# Data
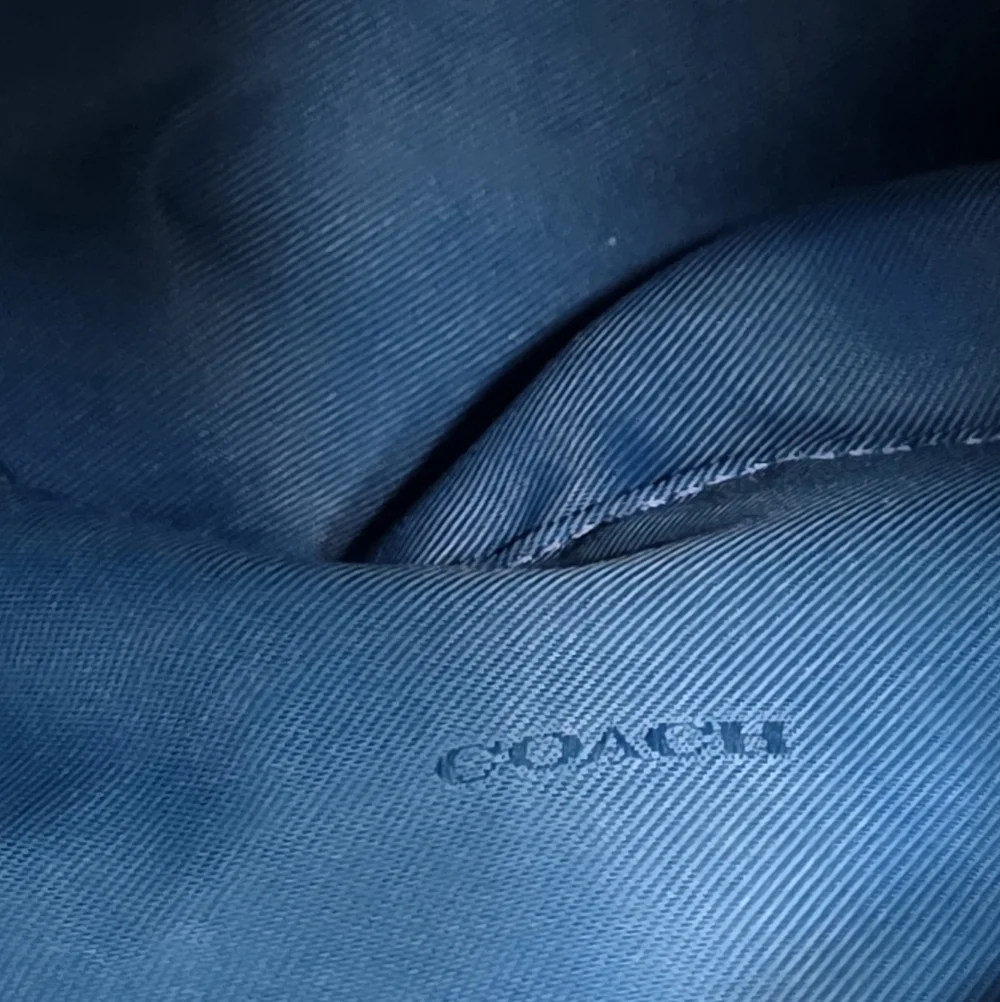 Authentic Coach Blue Pebble Leather Tie Turn-lock Shoulder Bag- EUC - Picture 9 of 9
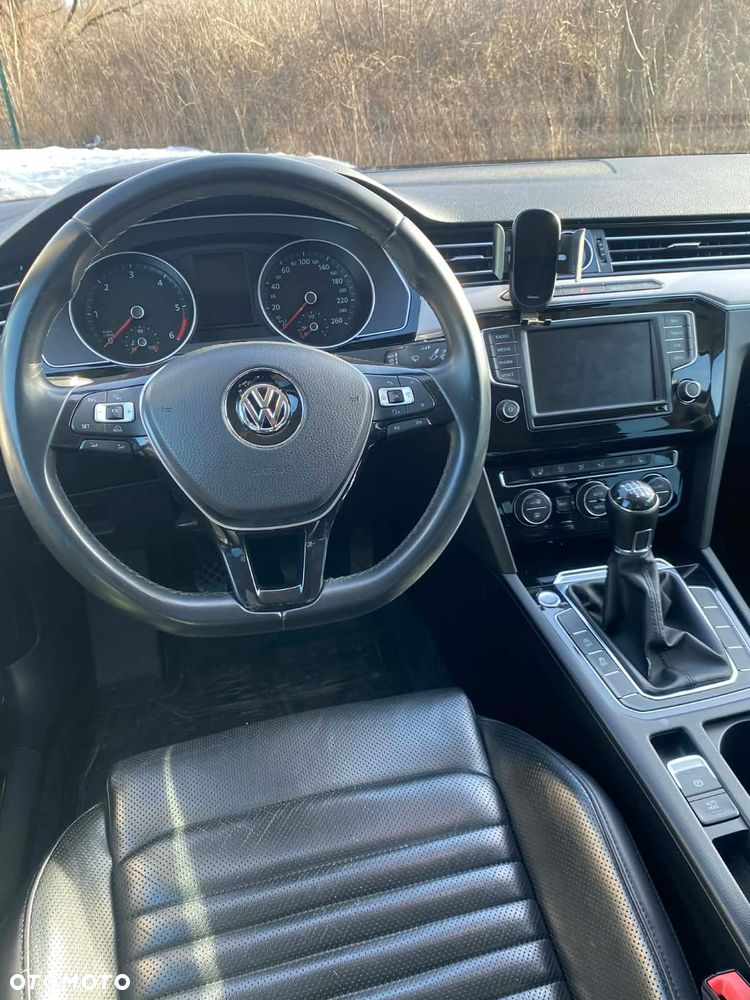 Volkswagen Passat 2.0 TDI BMT Highline - 5
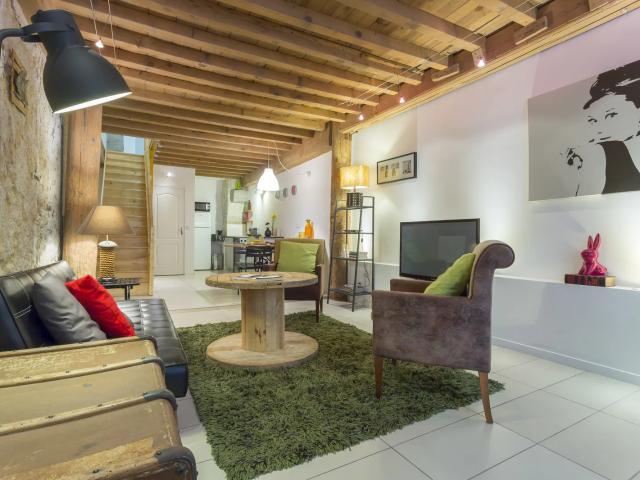 Location Appartement Cour Sainte Élisabeth, Lyon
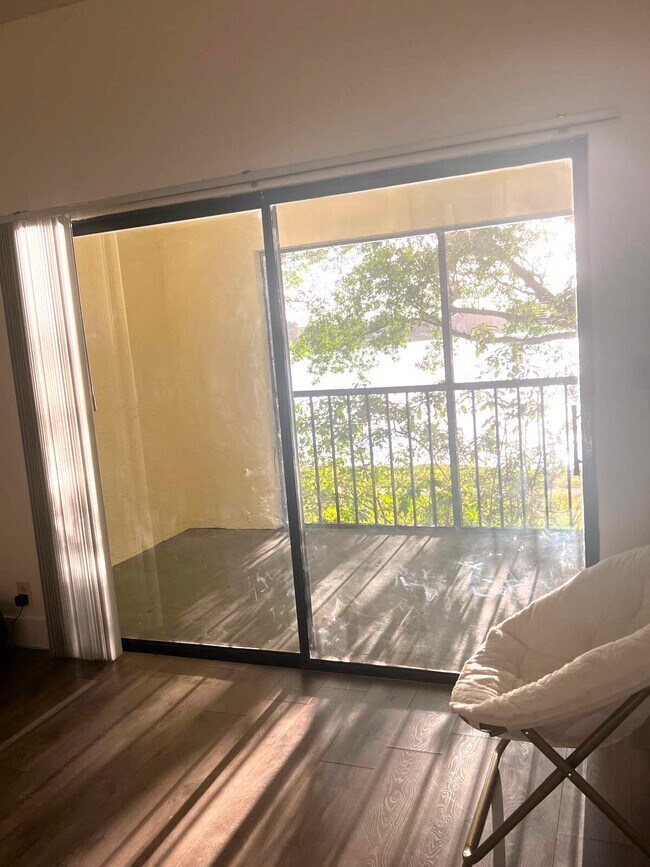 Building Photo - 2900 Olivewood Terrace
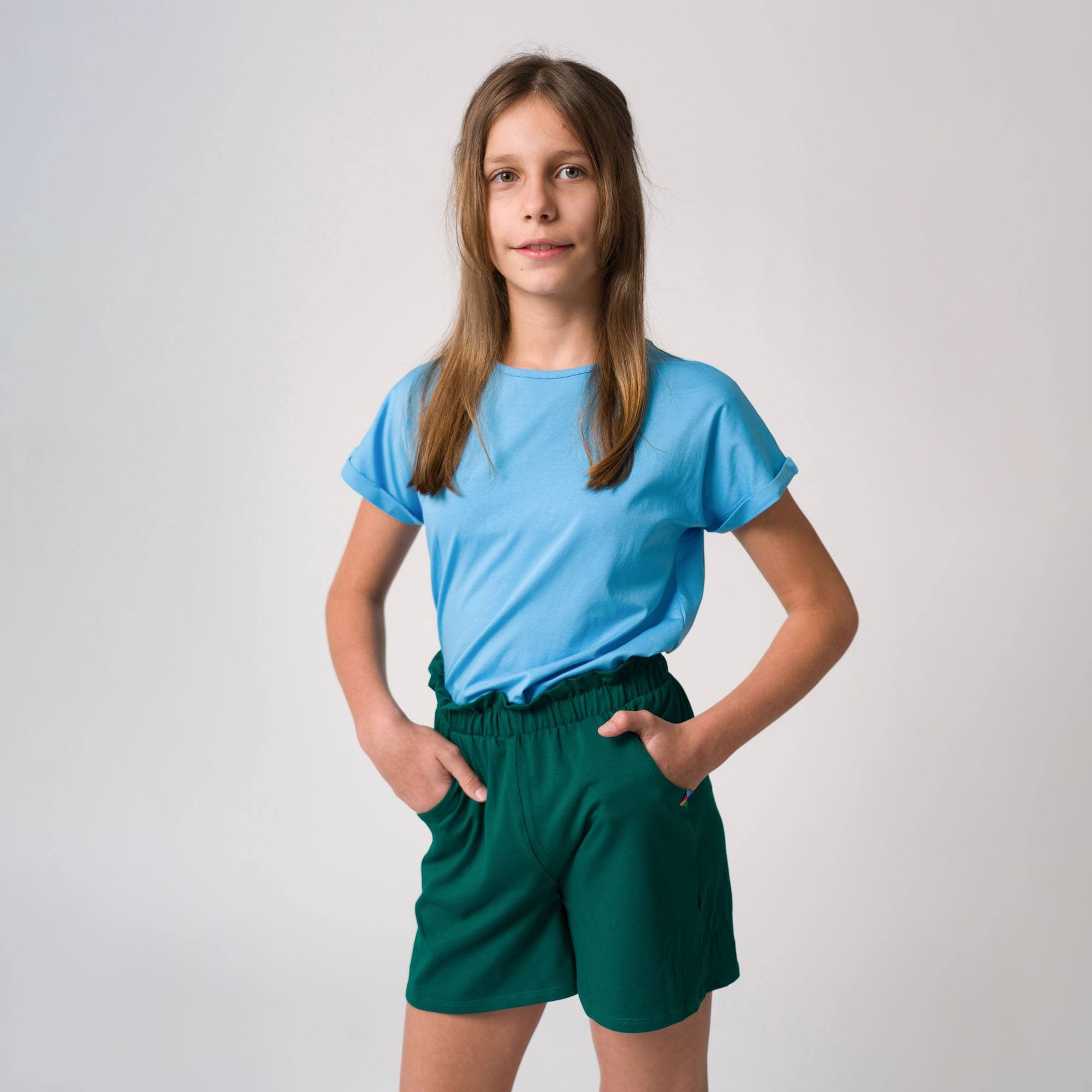 Bottle-green loose cut shorts Junior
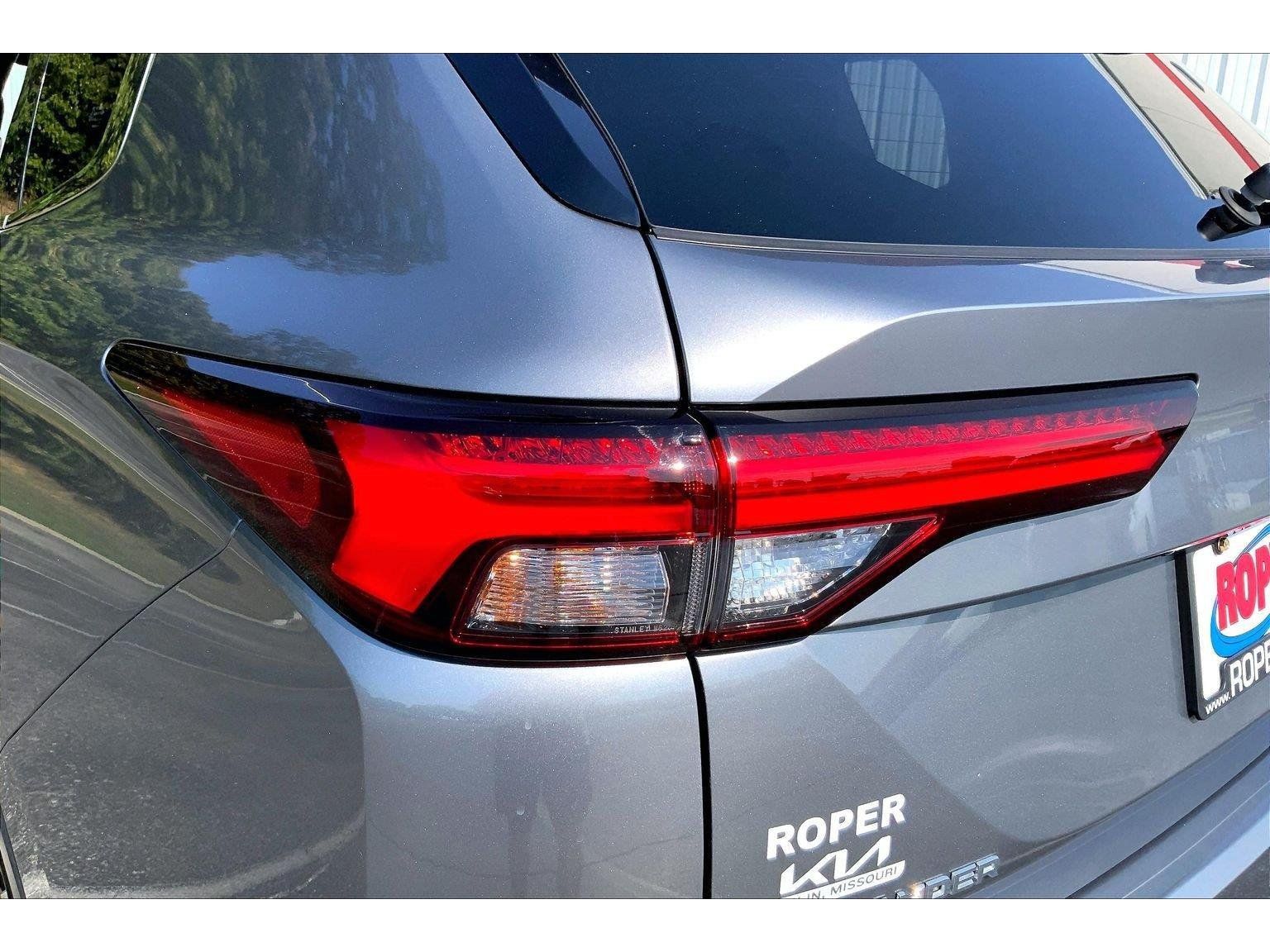 Used 2023 Mitsubishi Outlander SE Black Edition AWD/4WD image 29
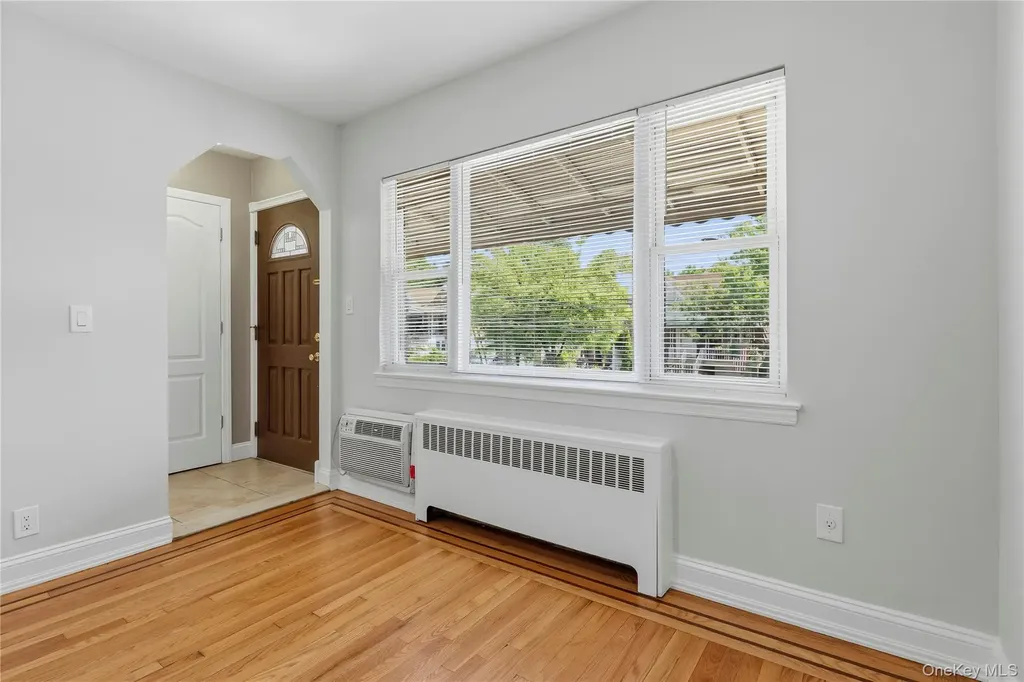 817 Quincy Avenue Bronx NY 10465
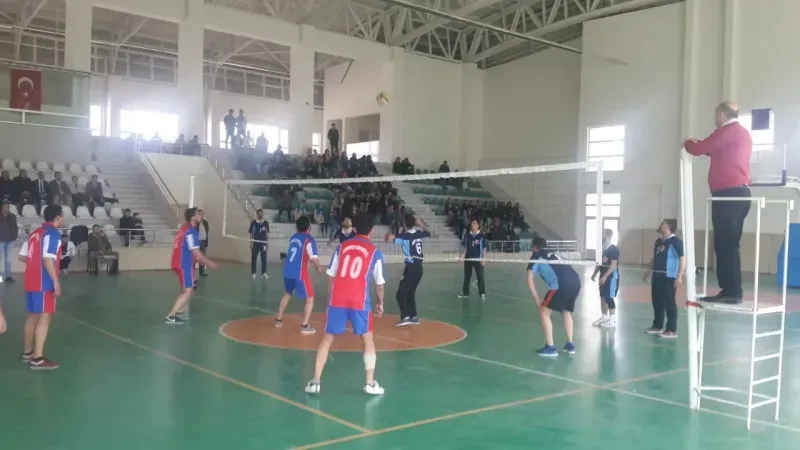 Kangal Meslek Yüksekokulu: Geleceğin Nitelikli İş Gücünü Yetiştiriyor 8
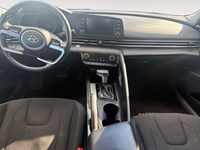 2022 Hyundai Elantra Preferred IVT w/Sun & Tech Package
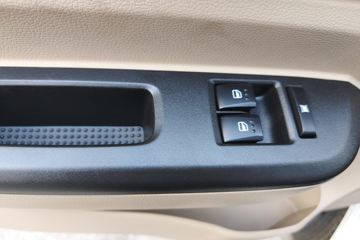 ������Խ��V7EV 2025�� ������ 9�� ���綯��� ����ʱ��50.23kWhͼƬ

# Required work
Leave the pictures out and restate exactly the lines from the one that has "817 Quincy Avenue Bronx NY 10465" through the final line of the entries above, both ends included.

# Result of the task
 817 Quincy Avenue Bronx NY 10465
 Kangal Meslek Yüksekokulu: Geleceğin Nitelikli İş Gücünü Yetiştiriyor 8
 2022 Hyundai Elantra Preferred IVT w/Sun & Tech Package
 ������Խ��V7EV 2025�� ������ 9�� ���綯��� ����ʱ��50.23kWhͼƬ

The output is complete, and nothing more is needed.